Work task:
Transcribe the line holding "Zbliżenie biało-beżowej wzorzystej" together with every line after it, through the end of the records, exactly and with no pictures.

Captioned web images:
= Beginning of Section =
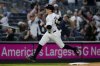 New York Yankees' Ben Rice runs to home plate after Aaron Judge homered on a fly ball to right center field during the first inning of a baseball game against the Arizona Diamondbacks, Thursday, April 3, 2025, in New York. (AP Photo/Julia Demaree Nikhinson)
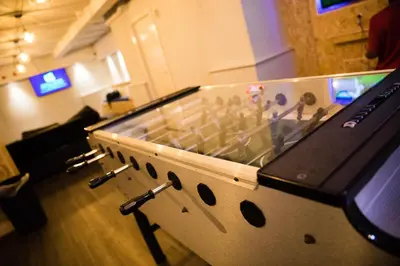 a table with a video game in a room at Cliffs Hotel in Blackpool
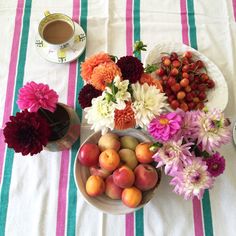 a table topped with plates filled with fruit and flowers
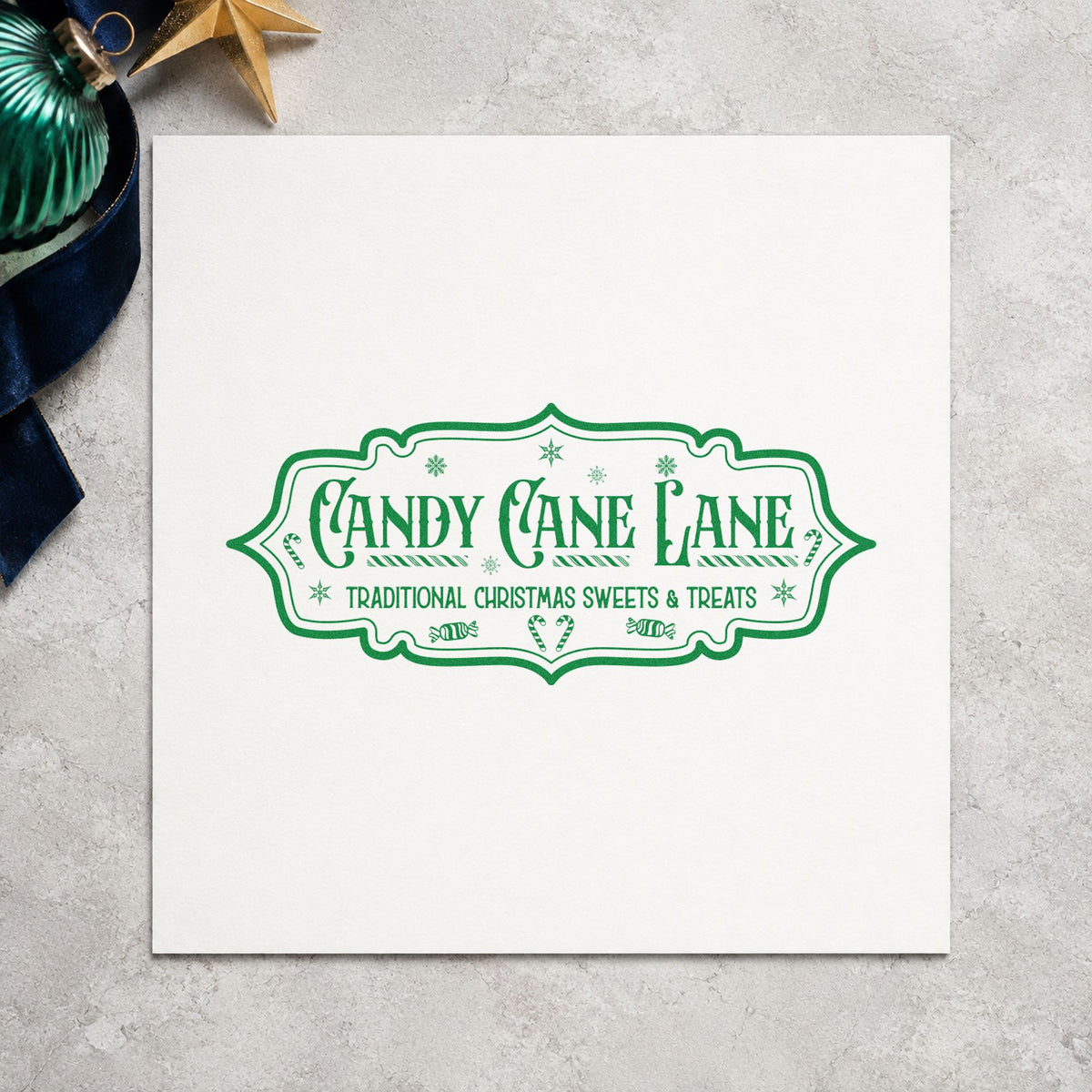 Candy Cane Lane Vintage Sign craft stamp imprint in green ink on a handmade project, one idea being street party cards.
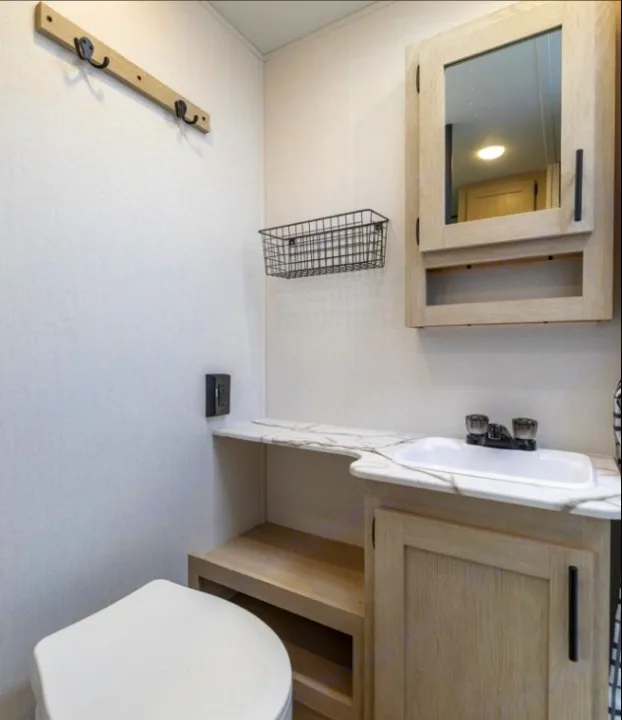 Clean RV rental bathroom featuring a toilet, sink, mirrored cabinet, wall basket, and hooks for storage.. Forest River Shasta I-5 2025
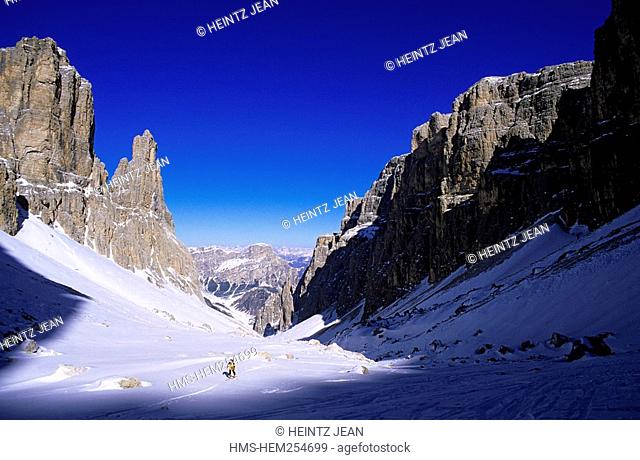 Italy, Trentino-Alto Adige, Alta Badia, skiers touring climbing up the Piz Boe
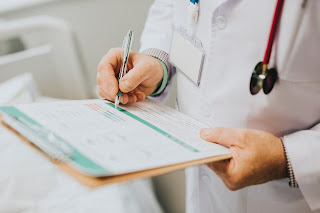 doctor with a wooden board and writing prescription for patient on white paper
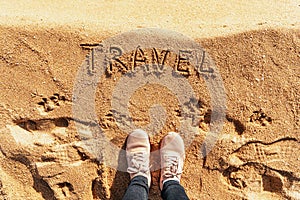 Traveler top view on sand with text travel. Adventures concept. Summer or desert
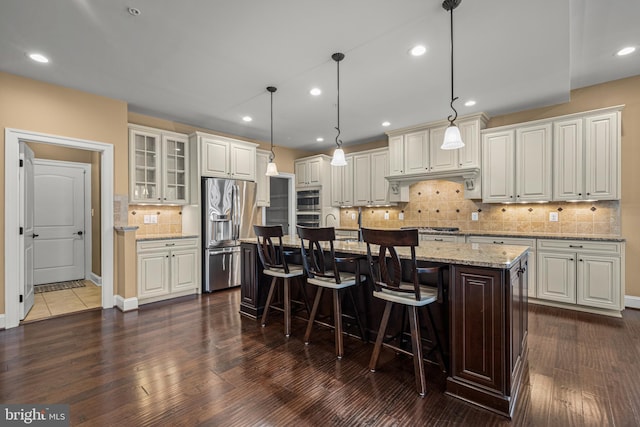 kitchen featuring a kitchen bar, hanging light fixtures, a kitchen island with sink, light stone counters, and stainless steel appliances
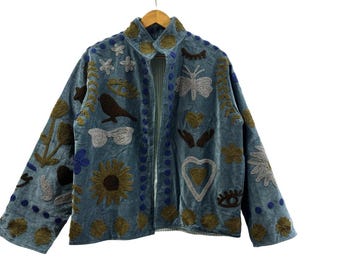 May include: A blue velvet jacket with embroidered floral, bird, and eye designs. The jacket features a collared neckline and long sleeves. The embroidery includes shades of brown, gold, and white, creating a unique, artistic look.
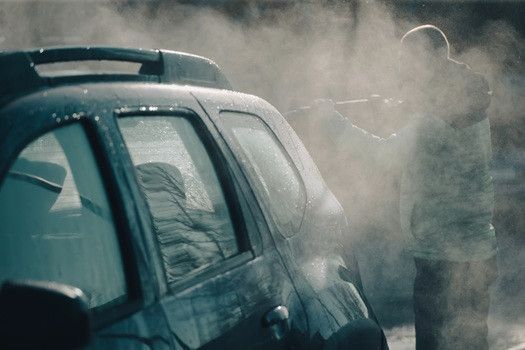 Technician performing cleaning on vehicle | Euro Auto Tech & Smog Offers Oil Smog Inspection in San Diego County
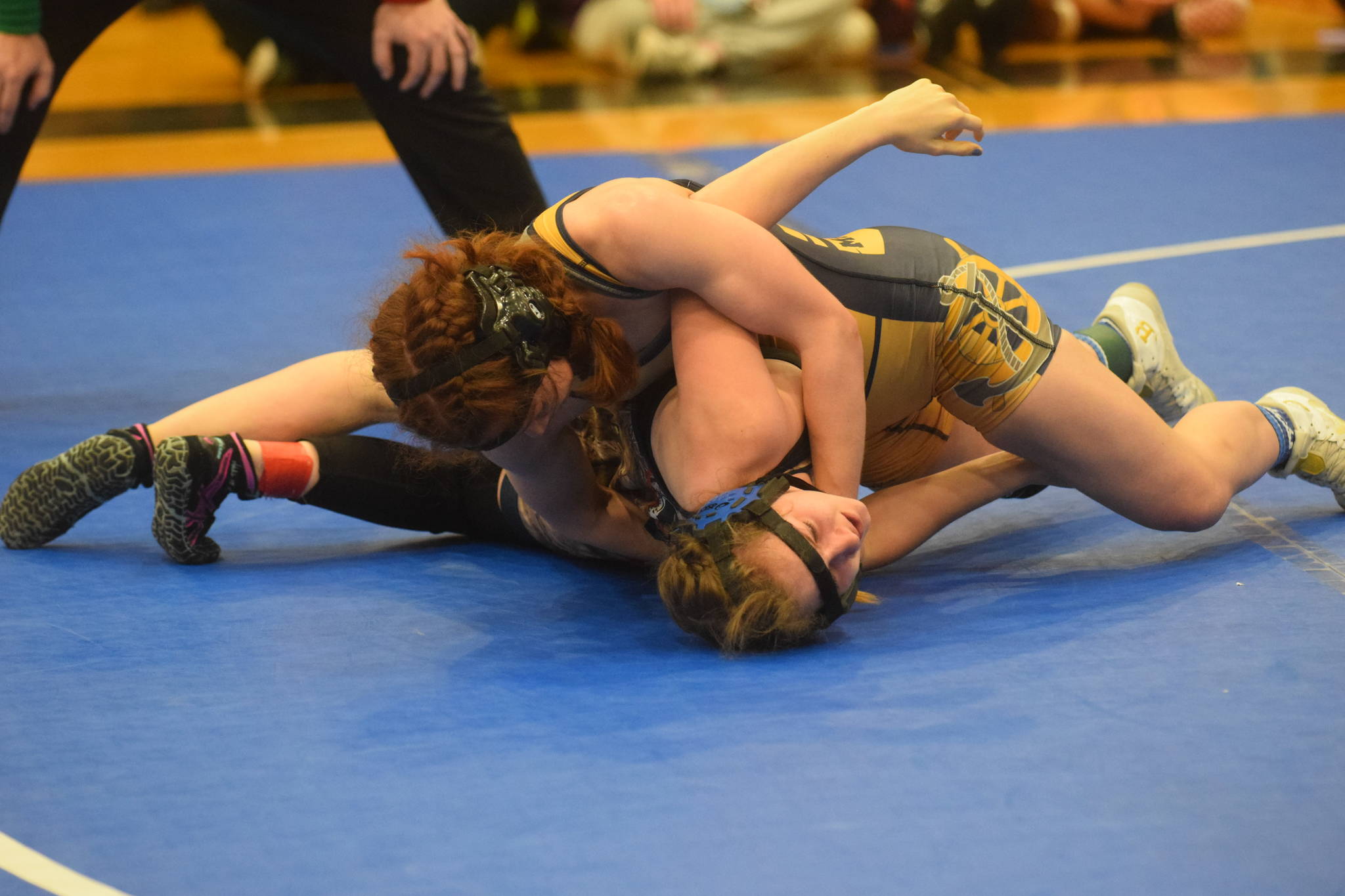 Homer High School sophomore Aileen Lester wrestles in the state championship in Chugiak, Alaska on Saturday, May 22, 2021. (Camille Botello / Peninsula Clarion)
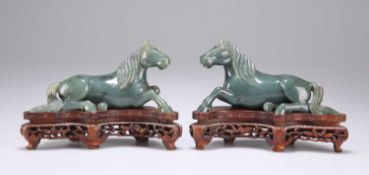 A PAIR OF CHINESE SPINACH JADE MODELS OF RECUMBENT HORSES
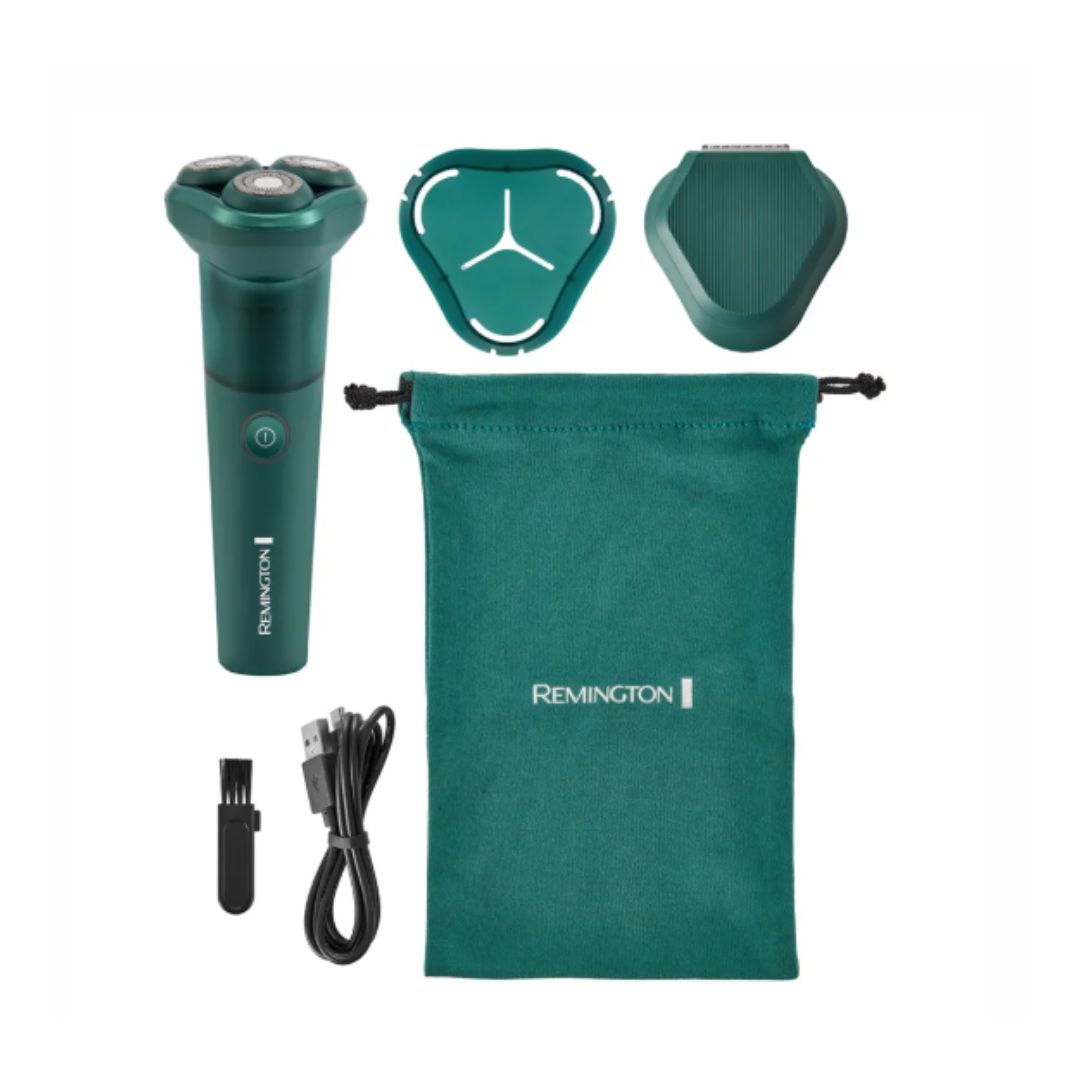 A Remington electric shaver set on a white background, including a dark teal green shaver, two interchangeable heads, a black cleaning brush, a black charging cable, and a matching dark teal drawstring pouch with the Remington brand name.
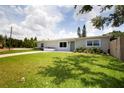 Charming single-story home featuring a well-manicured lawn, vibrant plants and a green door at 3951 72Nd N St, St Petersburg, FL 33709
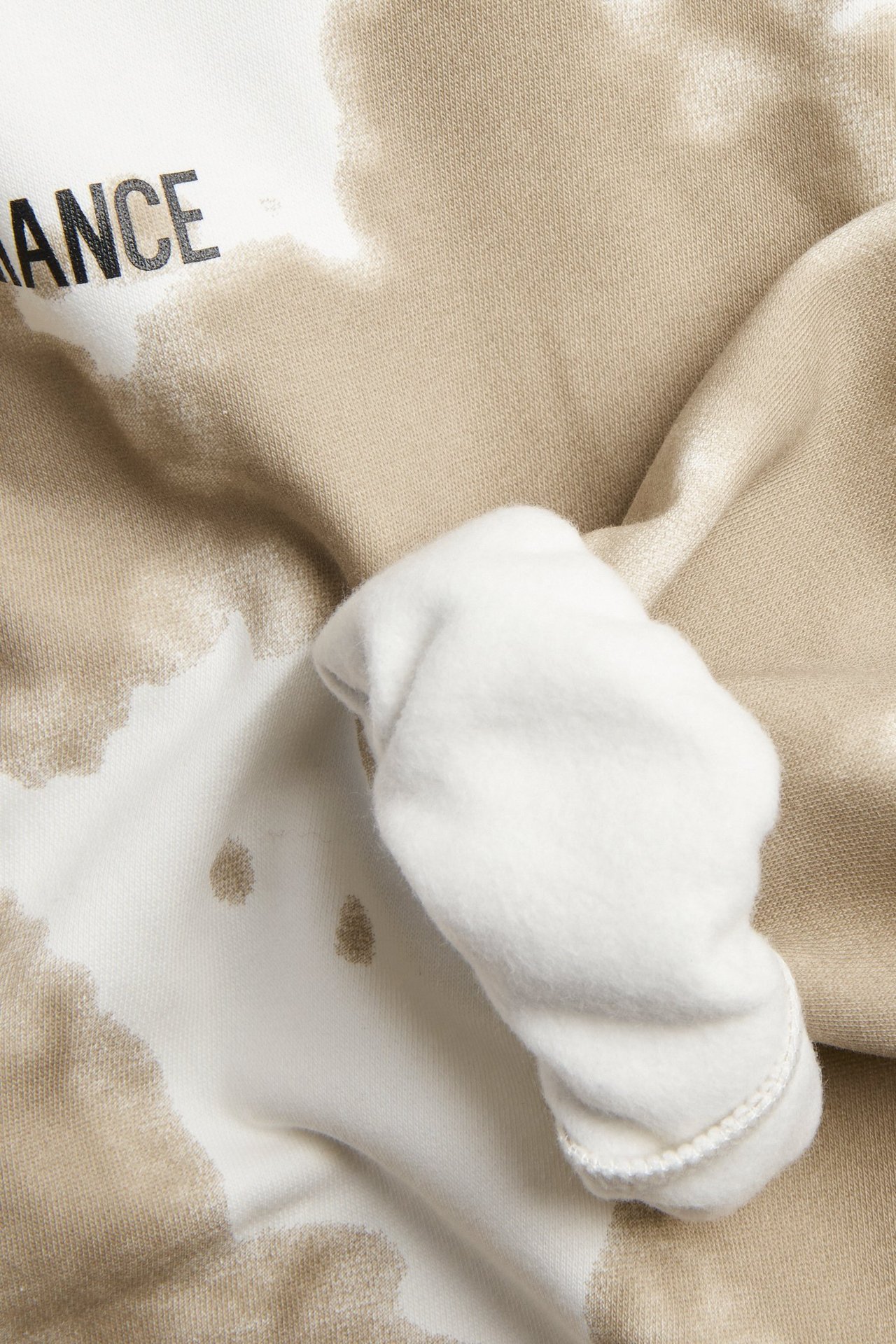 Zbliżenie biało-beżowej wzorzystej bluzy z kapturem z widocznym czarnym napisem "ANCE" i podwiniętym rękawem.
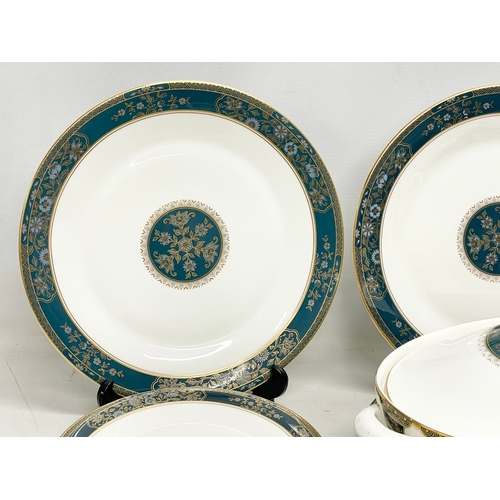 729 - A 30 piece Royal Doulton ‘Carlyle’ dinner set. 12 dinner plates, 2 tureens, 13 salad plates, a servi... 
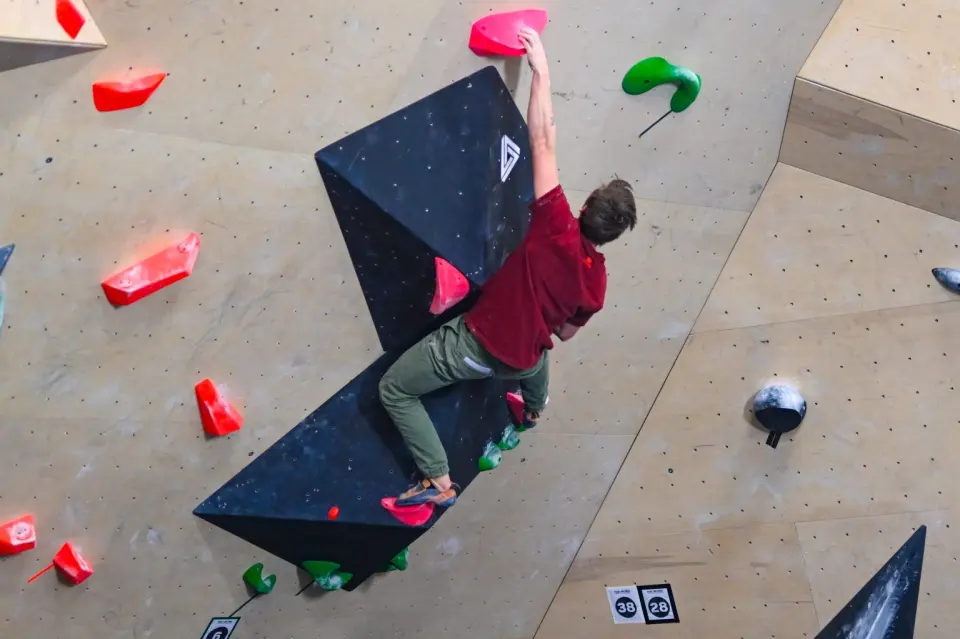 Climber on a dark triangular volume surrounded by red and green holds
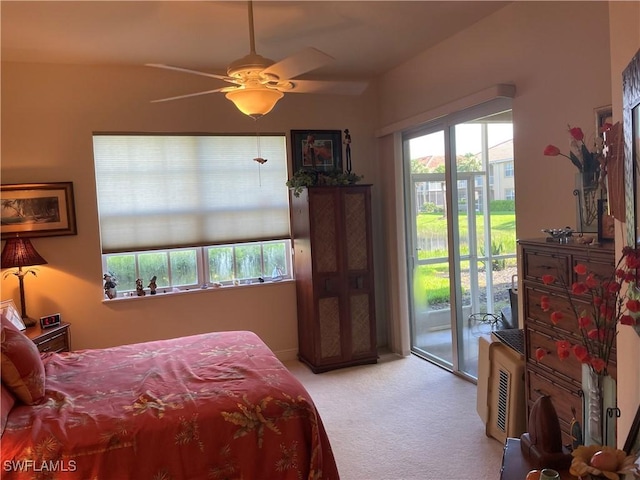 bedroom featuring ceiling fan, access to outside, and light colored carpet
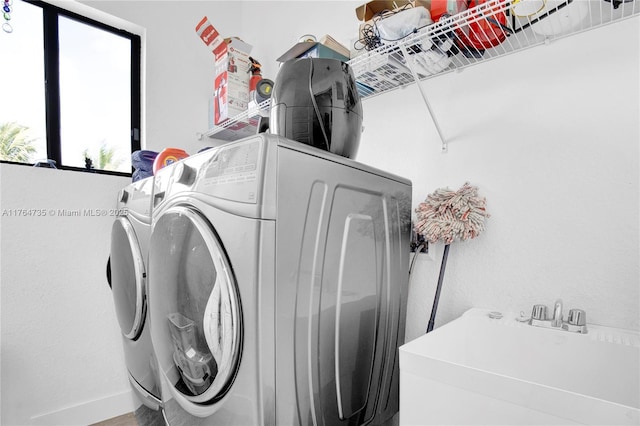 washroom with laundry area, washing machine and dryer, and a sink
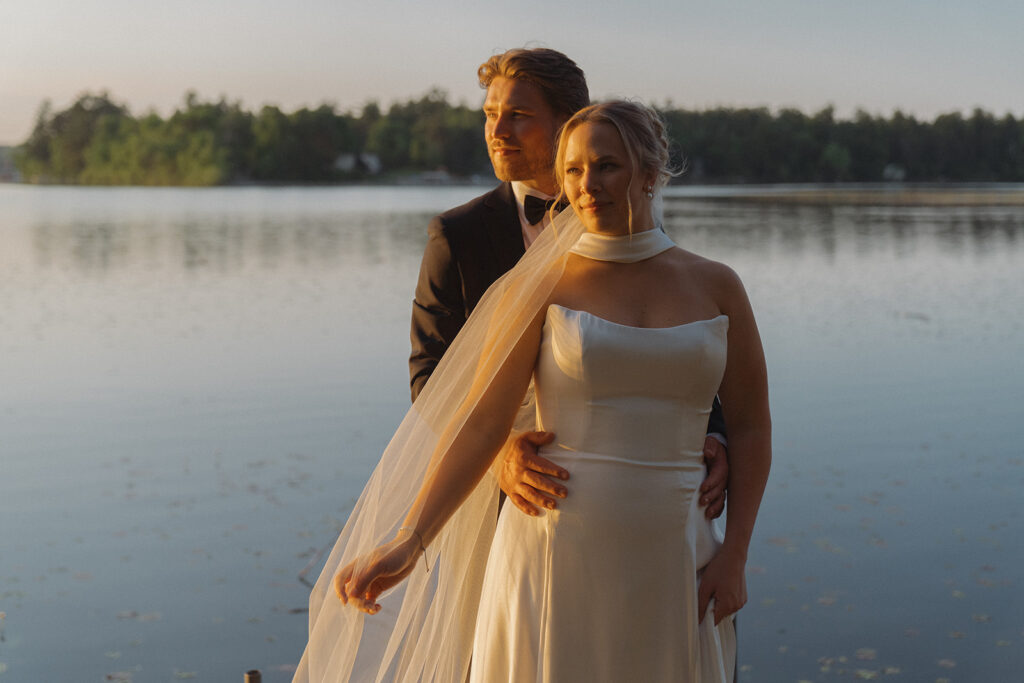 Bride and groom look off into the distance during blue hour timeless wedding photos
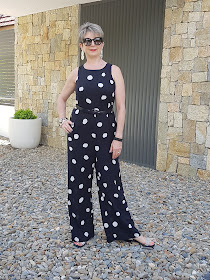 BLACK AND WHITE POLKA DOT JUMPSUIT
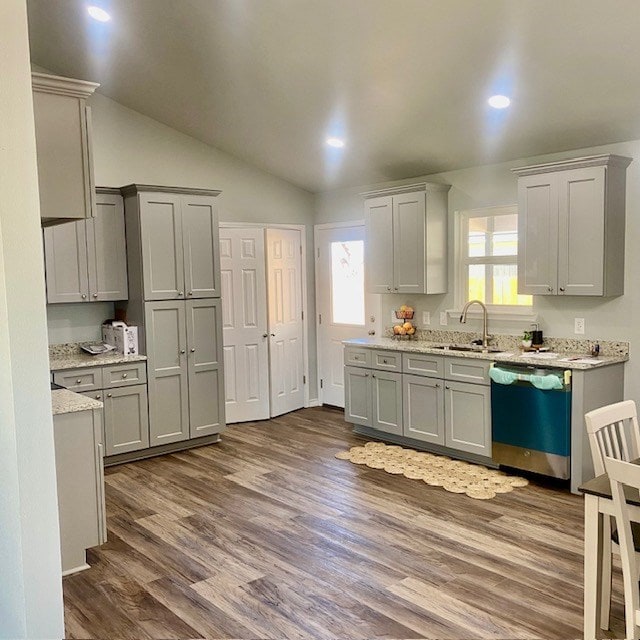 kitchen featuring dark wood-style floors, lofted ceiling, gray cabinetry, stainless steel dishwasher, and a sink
= End of Section =
Exercise result:
 Zbliżenie biało-beżowej wzorzystej bluzy z kapturem z widocznym czarnym napisem "ANCE" i podwiniętym rękawem.
 729 - A 30 piece Royal Doulton ‘Carlyle’ dinner set. 12 dinner plates, 2 tureens, 13 salad plates, a servi... 
 Climber on a dark triangular volume surrounded by red and green holds
 bedroom featuring ceiling fan, access to outside, and light colored carpet
 washroom with laundry area, washing machine and dryer, and a sink
 Bride and groom look off into the distance during blue hour timeless wedding photos
 BLACK AND WHITE POLKA DOT JUMPSUIT
 kitchen featuring dark wood-style floors, lofted ceiling, gray cabinetry, stainless steel dishwasher, and a sink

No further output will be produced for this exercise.